▸ What is required
Nothing but the lines from the one containing "Item preview, garden" through the end of the entries below should appear in your answer, transcribed exactly; please drop the pictures.

▸ Exercise data
'''

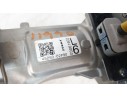 COLUMNA DIRECCION 4525002P90 4525002P90 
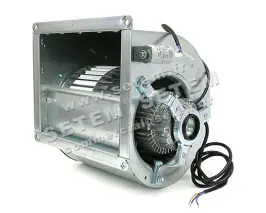 3938000001-VENTILATEUR LEMMENS DD7.7.14.1/8.BB 130014 +BR *710069*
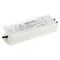 Минифото #1 товара Блок питания ARPV-LG12150-PFC (12V, 12.5A, 150W) (Arlight, IP67 Металл, 5 лет)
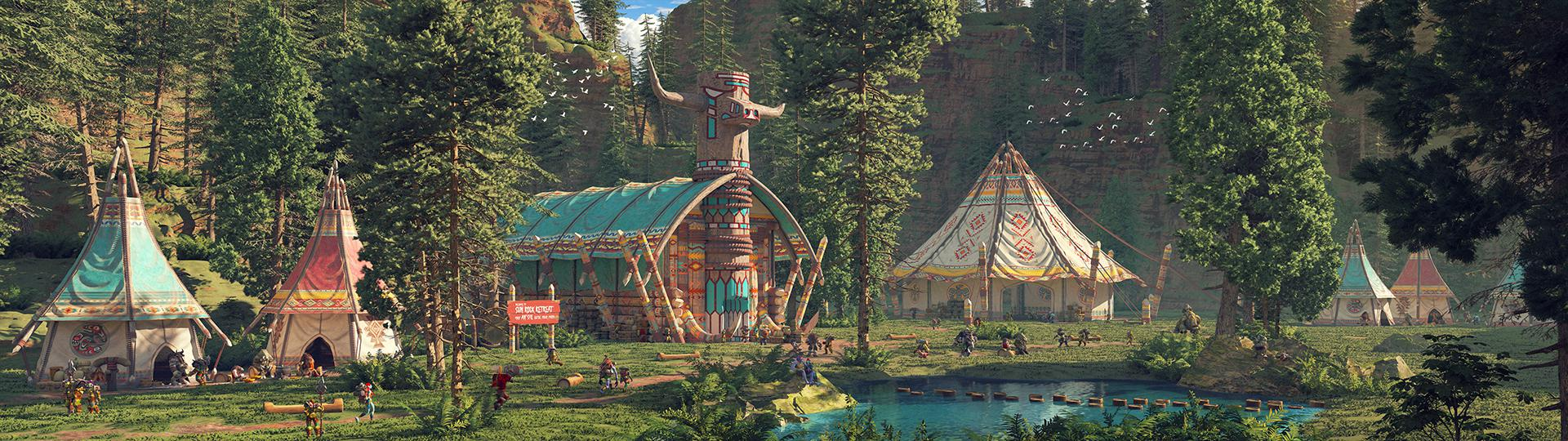 1920x540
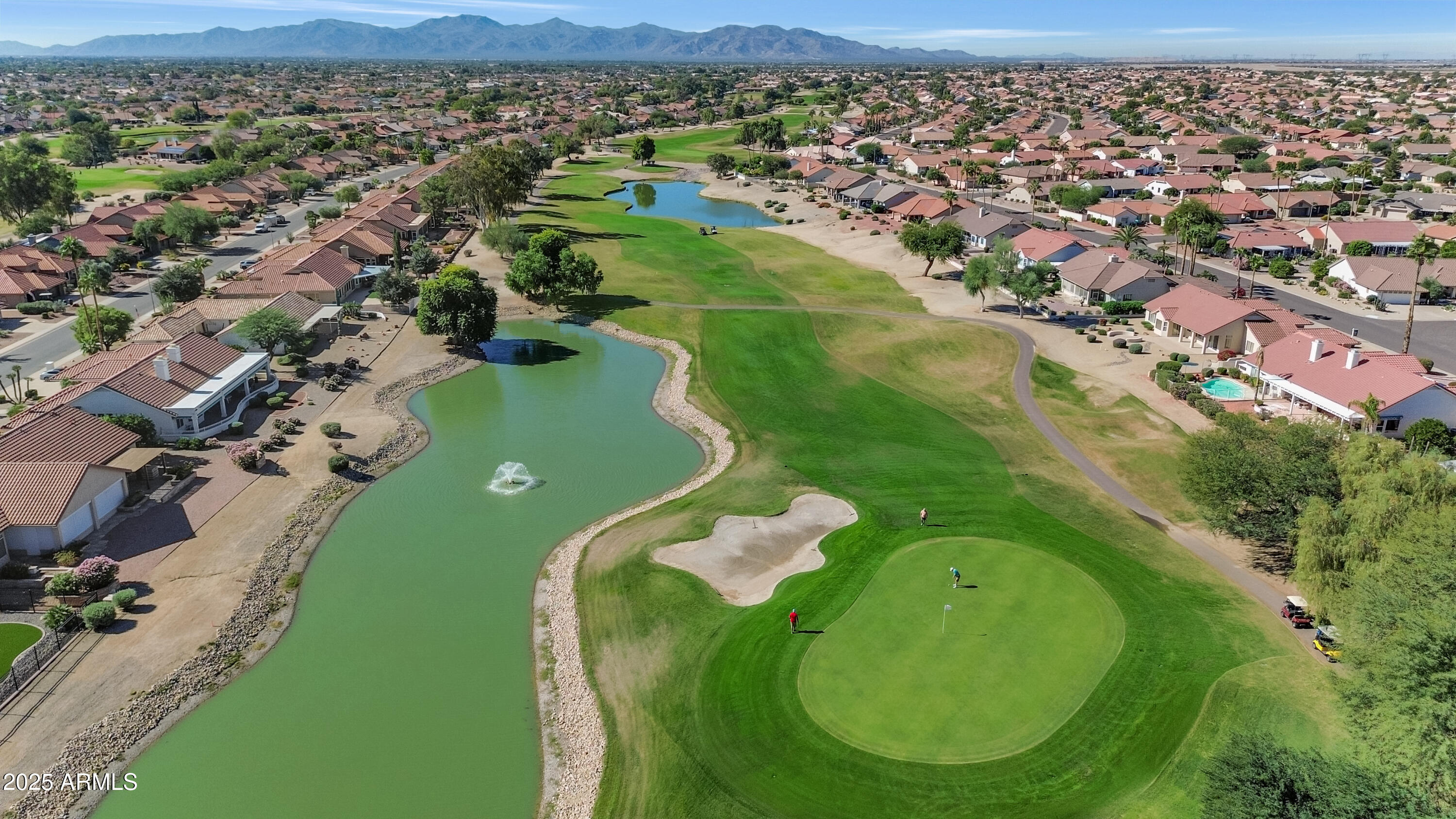 Sun City West, Arizona, 85375, United States, 3 Bedrooms Bedrooms, ,3 BathroomsBathrooms,Residential,For Sale,1989101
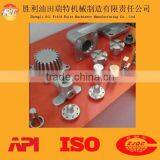 Auto Spare Parts thumbnail-1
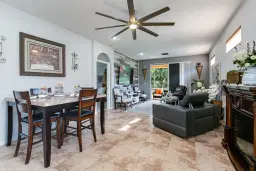 Picture of 313 SW Coconut Key Way, Port St Lucie, FL 34986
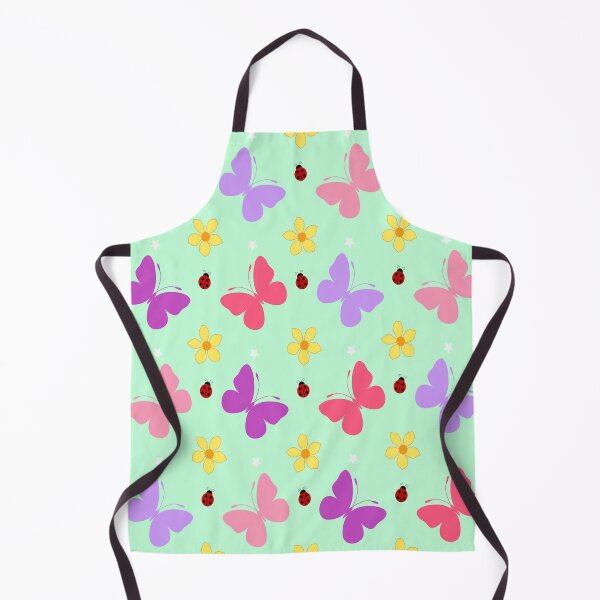 Item preview, garden butterfly designed and sold by Teixeira224.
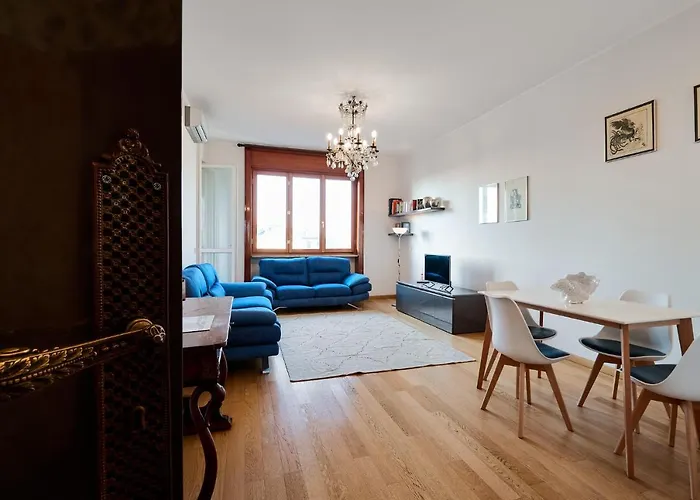 Casa Piccinni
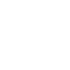 ew białe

'''

▸ Exercise result
 Item preview, garden butterfly designed and sold by Teixeira224.
 Casa Piccinni
 ew białe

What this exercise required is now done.